Категории
Самые читаемые
onlinekniga.com » Документальные книги » Биографии и Мемуары » Дневник 1905-1907 - Михаил Кузмин

Дневник 1905-1907 - Михаил Кузмин

Читать онлайн Дневник 1905-1907 - Михаил Кузмин

Шрифт:

-
+

Интервал:

-
+

Закладка:

Сделать
1 ... 89 90 91 92 93 94 95 96 97 ... 234
Перейти на страницу:

19_____

Сережа вчера был у Пяст, где были Иванов, Блок, Ремизовы, Потемкин, Гофман, Кондратьев, Годин. Там импровизировали стихи, где между прочими bout-rimée[210] было «и голос нежный, как Кузмин», меня как тщеславца это интересует{446}. Пошли к Ивановым, Вяч<еслав> Ив<анович> спал, Городецкий, бывший в сюртуке, скрылся не прощаясь, Диотима в аполлоновской прическе сердито и жалостно кашляла. Сережа, не дождавшись Иванова, ушел, я остался, читал и играл новые вещи. Иванов опять хочет меня в «Ярь», против желания Аннибал и моего тоже. Он хочет говорить об этом с Гржебиным; я только боюсь, что Гржебин не устоит и покажет мое неосторожное письмо, где я прошу его не отдавать меня «Яри». Когда мы читали «Руно», письмо от Сабашниковой, зовущей меня сегодня{447}. Там были Сомов, Иванов, старуха Волошина и Минцлова, ясновидящая. Марг<арита> Васильев<на> говорила, что в финляндск<ом> пансионе, где она только что провела несколько дней, какие-то студенты рассказывали, что они копят деньги на покупку моих «Алекс<андрийских> песень», ожидающихся быть очень дорогими. Сомов передавал желанье Остроумовой заполучить меня к себе. Было уютно, но Сережа меня ждал, чтобы ехать к Сологубу. Была чудная погода, когда мечтается близость какой-то весны и хочется любви и эскапад. Там были Вилькина, Верховский, Гофман, Потемкин, Кондратьев, <Беляев?>, Рафалович и другие{448}. Я очень развязно себя чувствовал, несколько хулиганил, спорил с каким-то немцем о театре Коммиссаржевской до грубианства, позвал Потемкина к нам; он хочет написать «Жеманник и кокетка» и посвятить мне и Вилькиной. Завтра у Блока будет один Юраша: какой ужас! Возвращались втроем с Гофманом.

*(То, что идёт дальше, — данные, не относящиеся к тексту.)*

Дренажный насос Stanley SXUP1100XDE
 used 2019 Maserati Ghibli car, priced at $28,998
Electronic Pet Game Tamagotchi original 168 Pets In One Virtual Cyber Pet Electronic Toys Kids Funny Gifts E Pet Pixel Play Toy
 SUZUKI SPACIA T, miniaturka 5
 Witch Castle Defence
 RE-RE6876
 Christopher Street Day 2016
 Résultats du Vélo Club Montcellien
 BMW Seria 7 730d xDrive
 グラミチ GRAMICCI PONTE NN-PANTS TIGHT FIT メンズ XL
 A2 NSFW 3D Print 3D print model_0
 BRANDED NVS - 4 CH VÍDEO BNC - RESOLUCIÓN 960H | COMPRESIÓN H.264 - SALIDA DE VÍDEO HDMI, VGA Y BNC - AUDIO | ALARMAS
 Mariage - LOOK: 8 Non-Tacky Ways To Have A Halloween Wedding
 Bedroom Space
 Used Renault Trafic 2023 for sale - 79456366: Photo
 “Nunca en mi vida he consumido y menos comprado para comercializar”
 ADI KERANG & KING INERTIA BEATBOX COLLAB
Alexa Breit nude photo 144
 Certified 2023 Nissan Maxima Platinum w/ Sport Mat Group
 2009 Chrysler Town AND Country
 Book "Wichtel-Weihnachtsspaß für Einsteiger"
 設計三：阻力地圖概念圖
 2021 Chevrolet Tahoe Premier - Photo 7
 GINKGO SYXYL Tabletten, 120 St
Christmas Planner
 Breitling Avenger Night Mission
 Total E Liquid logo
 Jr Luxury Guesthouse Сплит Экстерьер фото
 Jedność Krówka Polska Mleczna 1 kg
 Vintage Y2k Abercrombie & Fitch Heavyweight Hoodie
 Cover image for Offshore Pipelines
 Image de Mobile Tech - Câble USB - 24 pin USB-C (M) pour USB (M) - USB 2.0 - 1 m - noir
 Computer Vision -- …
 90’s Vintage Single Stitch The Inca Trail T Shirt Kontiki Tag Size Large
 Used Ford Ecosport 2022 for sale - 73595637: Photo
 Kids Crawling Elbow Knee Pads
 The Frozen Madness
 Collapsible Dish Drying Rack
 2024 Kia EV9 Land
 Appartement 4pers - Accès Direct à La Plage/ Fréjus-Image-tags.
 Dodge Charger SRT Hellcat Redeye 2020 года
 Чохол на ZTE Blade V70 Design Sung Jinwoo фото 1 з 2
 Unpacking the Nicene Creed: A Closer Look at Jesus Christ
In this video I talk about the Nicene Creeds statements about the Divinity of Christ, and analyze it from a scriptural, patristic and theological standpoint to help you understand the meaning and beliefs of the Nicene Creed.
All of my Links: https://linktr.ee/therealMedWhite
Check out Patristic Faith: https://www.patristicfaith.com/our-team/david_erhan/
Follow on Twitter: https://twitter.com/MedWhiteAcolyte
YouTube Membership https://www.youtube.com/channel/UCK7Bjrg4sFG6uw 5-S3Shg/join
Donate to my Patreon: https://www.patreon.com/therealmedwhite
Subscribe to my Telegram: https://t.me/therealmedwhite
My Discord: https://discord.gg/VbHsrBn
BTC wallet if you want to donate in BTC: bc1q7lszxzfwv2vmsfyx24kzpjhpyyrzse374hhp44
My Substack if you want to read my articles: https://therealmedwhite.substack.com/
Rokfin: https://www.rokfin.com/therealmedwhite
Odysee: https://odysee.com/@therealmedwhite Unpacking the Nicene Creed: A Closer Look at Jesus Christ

Погода была еще лучше.

20_____

Ездил на почту, по делам, к парикмахеру; сегодня увижу милое, любимое, соблазнительное лицо Судейкина. «А Вы не боитесь, что я в него влюблюсь?» — спрашивала вчера Вилькина, у которой я просил позволения представить ей Судейкина. Сергей Юрьевич за мной не заехал, я волновался, тосковал и скучал страшно; часов в 10 телефонировал в театр; он очень извинялся, обещал заехать завтра утром, говорил, что все выходит лучше ожиданий, что он страшно волнуется, завтра будет свободнее, что Мунт возмущена нашим будто бы affichage во время субботнего вечера. Я был несколько утешен хотя бы телефонизированным голосом Судейкина. Сел петь Шуберта, приехал Павлик, конечно, попросил в конце концов денег; он поступает на прежнее место; была fatalité, много расспрашивал о Сергее Юрьевиче{449}. Поехали в «Вену» ужинать, там я видел Гржебина, который уверял, что вся книга в корректурах будет через неделю, то, что готово у Сомова, он уже забрал, что Иван<ову> меня отстоял не выдавая. Мне было очень приятно вспомнить старину и пить шабли с напудренным Павликом. Погода стала мягкая, теплая, тающая. Завтра увижу Судейкина!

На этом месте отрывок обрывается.